Like Ozil, many Nigerians remember Osinbajo as acting president going here and there to quench the fiery darts that seemed to poison national unity in 2018.
He even did the unthinkable, firing the director-general of the Department of State Services, DSS Lawal Musa Daura and appointing someone from the Niger Delta region in his place
Osinbajo even as he gained popularity as acting president left in his wake suspicions about his politics both with the Buhari camp and with Buhari’s critics.
Within the Buhari camp there were suggestions that he tried to outshine the president. It has been insinuated that since the Daura incident that Buhari has stopped handing over to Osinbajo whenever he is out of the country.
Among Buhari’s critics, especially those in the Peoples Democratic Party, PDP, there are many who would not forgive him for parroting the untruths said about the Jonathan administration at the heat of the campaigns in 2015 and 2019. Some have used terms unworthy of describing a pastor in defining the vice-president.
So while the need for an Osinbajo touch is desperately sought by many in Nigeria’s present distresses, it seems that the vice-president has been totally removed from the power loop in the seat of power.
In the 2019 campaigns he was everywhere even distributing N5,000 to market women. That job has even been taken over from him by the Villa’s favoured lady, Hajia Saadiya Farouq who has shamed Osinabjo before market women by distributing N20,000 to a greater number of people!

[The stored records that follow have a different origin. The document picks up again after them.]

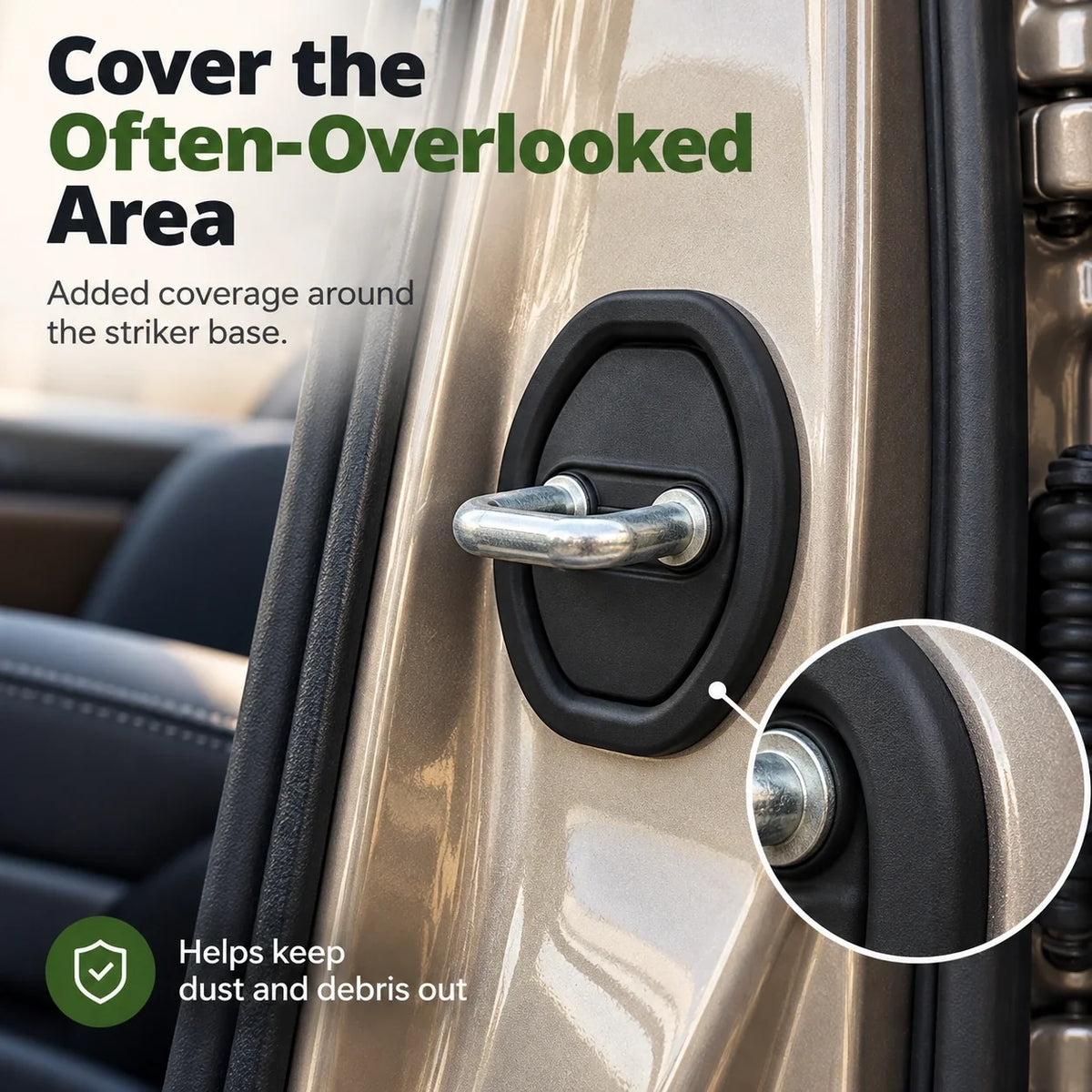 Car Door Striker Protector Covers — Self-Adhesive Silicone Guards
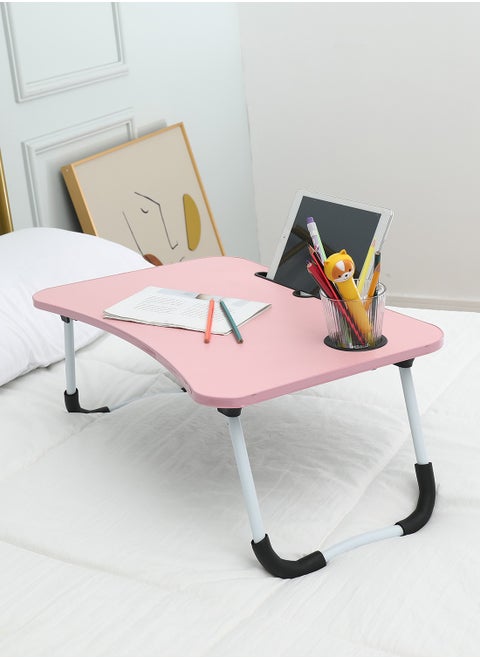 Foldable Laptop Desk - Pink - Portable Bed Table with Cup Holder and Adjustable, Ergonomic, Compact, and Space-Saving Design - Ideal for Working, Writing, Studying, and Drawing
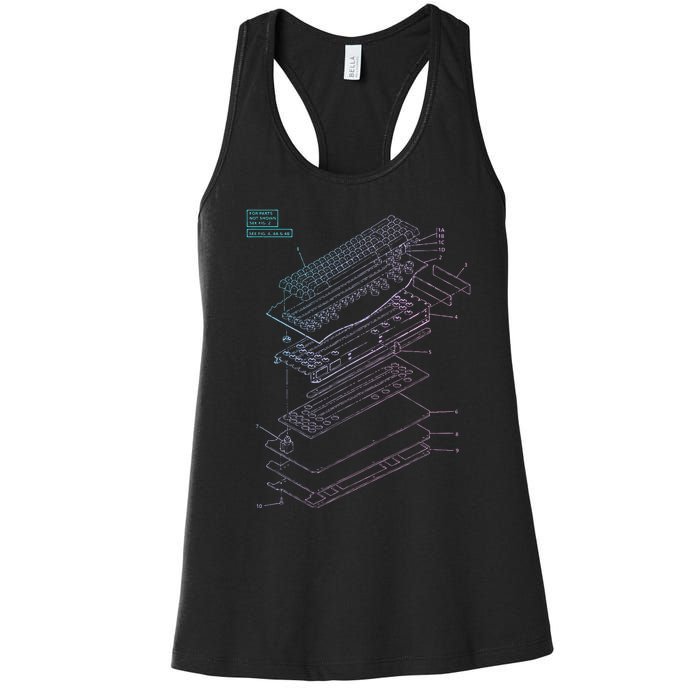 Mechanical Keyboard Patent Drawing Graphic Design Art Women's Racerback Tank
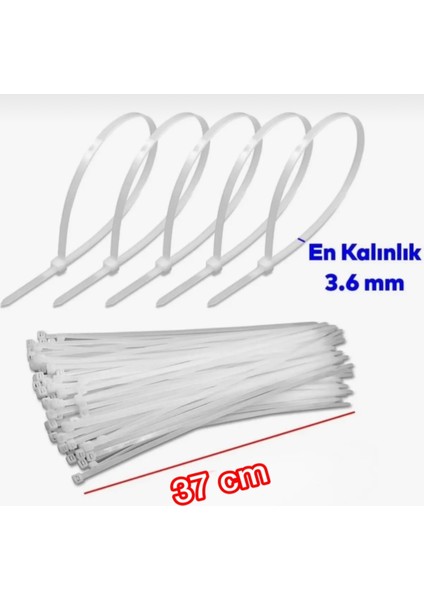 Plastik Cırt Kelepçe 3.6X370 mm (100 Adet) Beyaz fiyatları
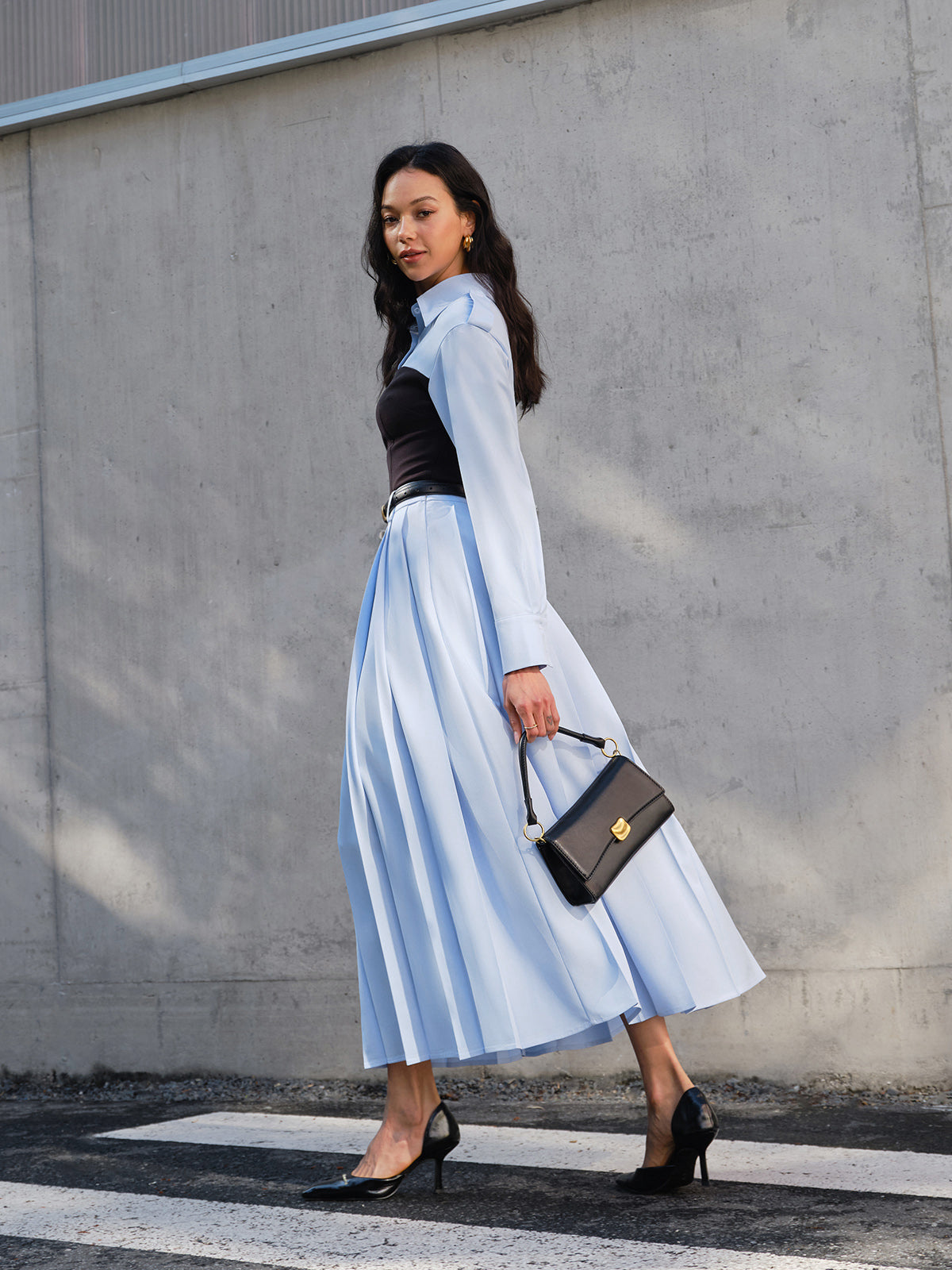 Minimalist Pleated Skirt Without Belt-Massicos
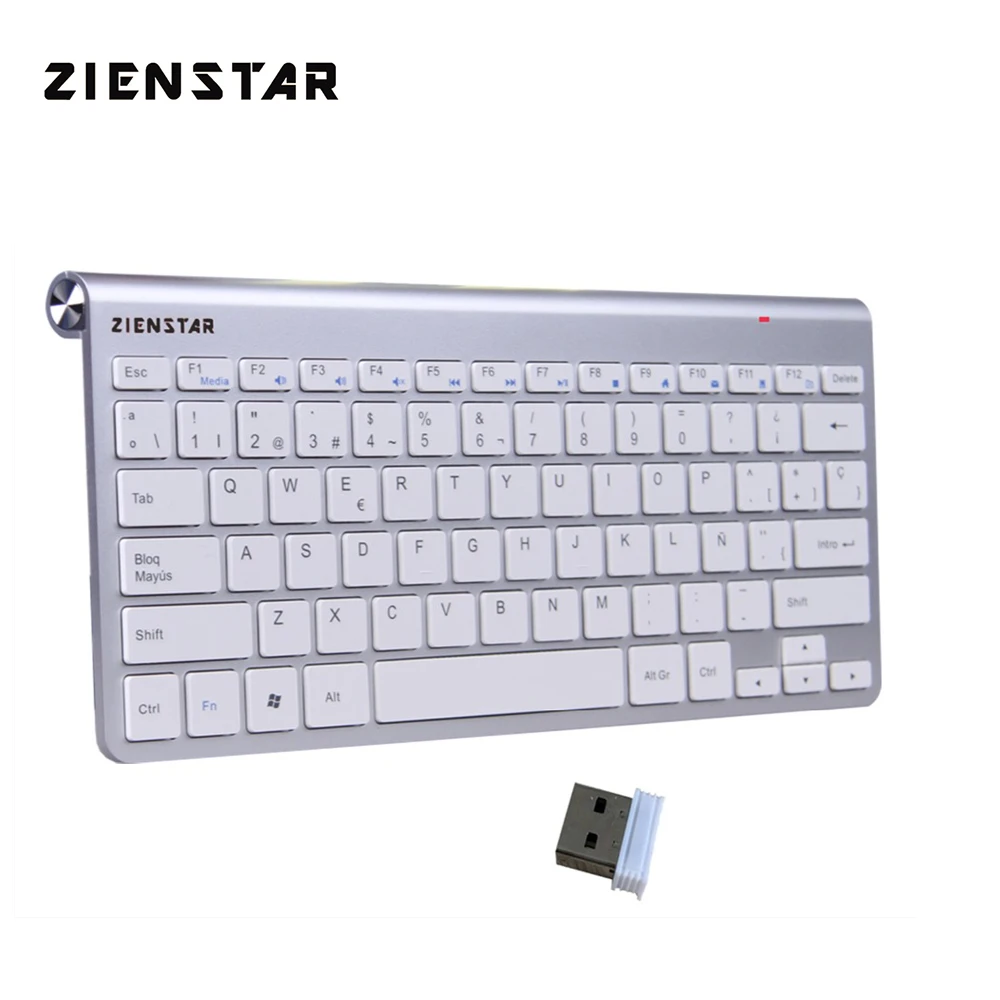 Zienstar ультра тонкая 2,4 ГГц Беспроводная клавиатура для Macbook/PC компьютера/ноутбука/Smart tv с usb-приемником, английский/Fr/Испанский/Ru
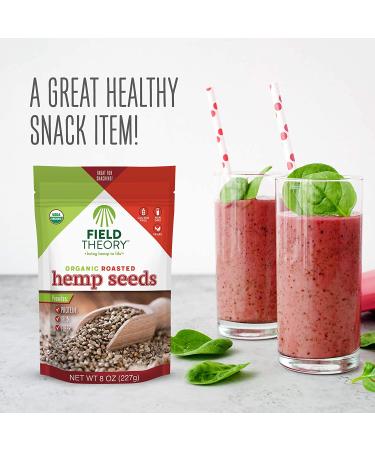 Field Theory Organic Roasted Hemp Seeds 8oz - USDA Certified Organic - Buy Online on GoSupps.com
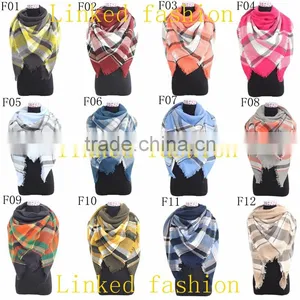 Women's Oversized Wool Blanket Tartan Scarf Shawl Stole Plaid Checked Pashmina thumbnail-3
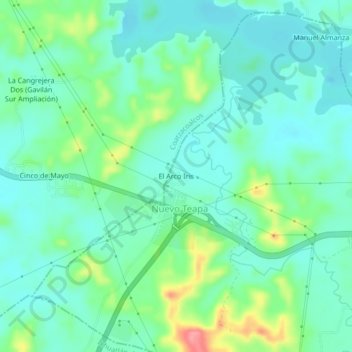Topografische Karte El Arco Iris, Höhe, Relief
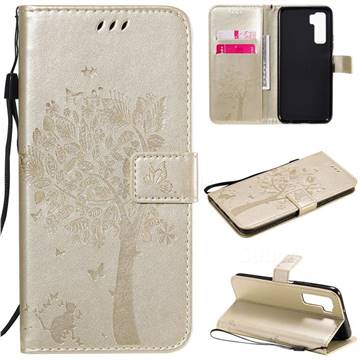 Embossing Butterfly Tree Leather Wallet Case for Huawei nova 7 SE - Champagne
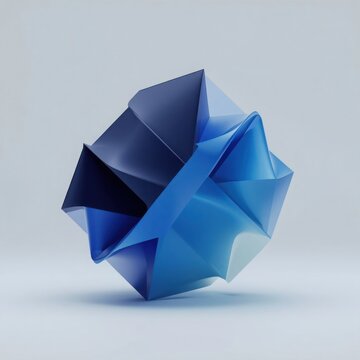 Geometric blue folded polyhedral structure with sharp angles for modern design concepts.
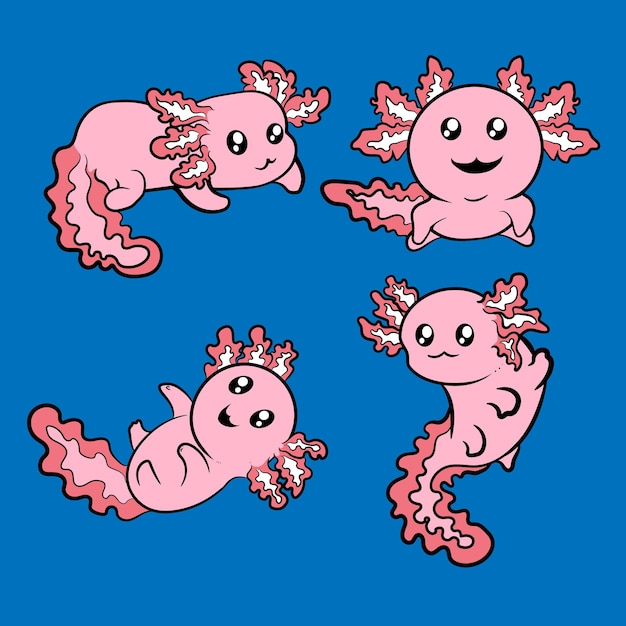 Vector lindo conjunto de axolotl rosa ilustración de dibujos animados para cualquier tipo de diseño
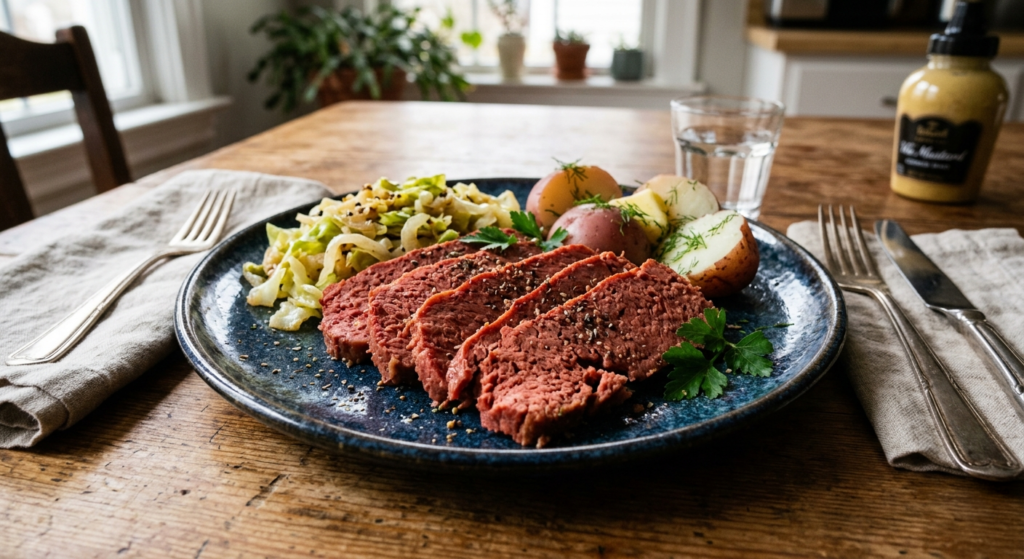 Plate of vegan corned beef with potatoes and cabbage, plant-based St. Patrick’s Day meal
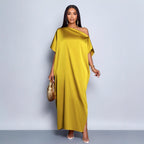 Women's Solid-Color Casual Loose Satin Dress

Given what is alleged as the physical constraints or challenges of the president, an Osinbajo would ordinarily have filled the role to push forward the narratives of a government engaged in fighting corruption, checking insecurity and reviving the economy. But alas, Osinbajo is not there.
The taunt is that he has been used and dumped. But really?
His lot is that of most vice-presidents the world over. Atiku Abubakar just like Osinbajo was used by President Olusegun Obasanjo to galvanise the PDP governors for the 2003 re-election. Thereafter Obasanjo started on a savage attack that drove Atiku to the opposition.
Dr. Goodluck Jonathan after starting well with President Umaru Yar‘Adua subsequently fell out of favour to the point that James Ibori was largely reputed to have more input into the administration than him.
The gist was that in those days, Jonathan would go for some days to Port-Harcourt for reflection in the sympathetic lodgments provided by Governor Rotimi Amaechi.
Perhaps, Nnamadi Sambo had a better experience of the vice-presidents of the Fourth Republic. But going back in time, Dr Alex Ekwueme’s convivial and mutually respectable experience with President Shehu Shagari shines above all else.
Unlike Atiku who could think of succeeding or mustering his political allies to intimidate Obasanjo, Osinbajo is in no such position to even contemplate a political aspiration. At home in Ogun or Lagos he has Asiwaju Bola Tinubu in his shadows.
In Abuja, he also has Senator Ibikunle Amosun, who is arguably Buhari’s closest Yoruba friend in his trail.
So, shorn of the political structures and gravitas that brought many to his present position, Osinbajo can only look up to God for help. Even more, unlike Ozil, his transfer window is not open until May 2023.